Most cars these days come with a key fob to remotely unlock the doors, pop the trunk, and sometimes even start the engine. For obvious reasons, key fobs are incredibly convenient and are something most people consider to be a necessity when purchasing a new car. But that convenience comes with a, admittedly small, risk of hacking. Gonçalo Nespral has a guide on how to do exactly that — for educational purposes of course, don’t do this with someone else’s car!
This is actually a recreation of an earlier exploit demonstrated by Samy Kamkar, called a rolljam attack. When you push the door unlock button on your key fob, it sends out a modulated radio signal that gets picked up by a receiver in the car. If the modulated code matches the car’s, then it will unlock. But that would be incredibly easy to hack without any additional security. All a black hat hacker would need to do is record the radio signal and then play it back later — a classic replay attack.

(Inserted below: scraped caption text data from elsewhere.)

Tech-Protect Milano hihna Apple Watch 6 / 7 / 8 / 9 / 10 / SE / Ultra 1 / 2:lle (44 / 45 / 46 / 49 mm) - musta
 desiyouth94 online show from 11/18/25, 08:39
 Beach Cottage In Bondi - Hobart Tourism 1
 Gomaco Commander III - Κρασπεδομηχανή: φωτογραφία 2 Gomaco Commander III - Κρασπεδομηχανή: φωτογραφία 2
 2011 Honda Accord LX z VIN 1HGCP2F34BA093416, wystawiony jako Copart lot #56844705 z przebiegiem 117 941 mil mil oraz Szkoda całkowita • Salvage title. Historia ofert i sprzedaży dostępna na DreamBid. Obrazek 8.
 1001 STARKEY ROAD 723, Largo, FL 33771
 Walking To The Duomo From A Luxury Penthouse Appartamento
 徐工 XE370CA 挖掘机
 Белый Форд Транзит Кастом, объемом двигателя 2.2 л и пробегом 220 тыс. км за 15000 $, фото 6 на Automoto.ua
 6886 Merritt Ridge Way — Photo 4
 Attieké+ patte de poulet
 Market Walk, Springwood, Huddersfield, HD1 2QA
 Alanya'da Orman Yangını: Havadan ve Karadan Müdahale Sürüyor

To thwart that possibility, modern key fobs use a rolling code system. Each time you push the unlock button, the key fob uses an algorithm to generate a new code. The car knows the same algorithm, and the old codes are discarded each time a new one is generated. That keeps hackers from simply executing a replay attack, but the system still has a vulnerability, which is what Kamkar’s rolljam attack exploits.
The rolljam attack works by recording and blocking the radio signal from the key fob. Because the signal was blocked, the car doesn’t unlock and the owner will naturally try again. That creates a second signal that is also recorded and blocked, but this time the attacker replays the first code to unlock the door. The owner is none the wiser, but now the attacker knows the next code in the sequence — which hasn’t yet been expired — and can use it to unlock the car at their leisure.
Nespral was able to recreate that rolljam attack with just a few simple components. A YARD Stick One is used to jam the original radio signal and transmit the new one, while an RTL-SDR (Software-Defined Radio) is used to record the original signal. With a laptop and a few open source software tools, Nespral successfully performed the rolljam attack on his own car.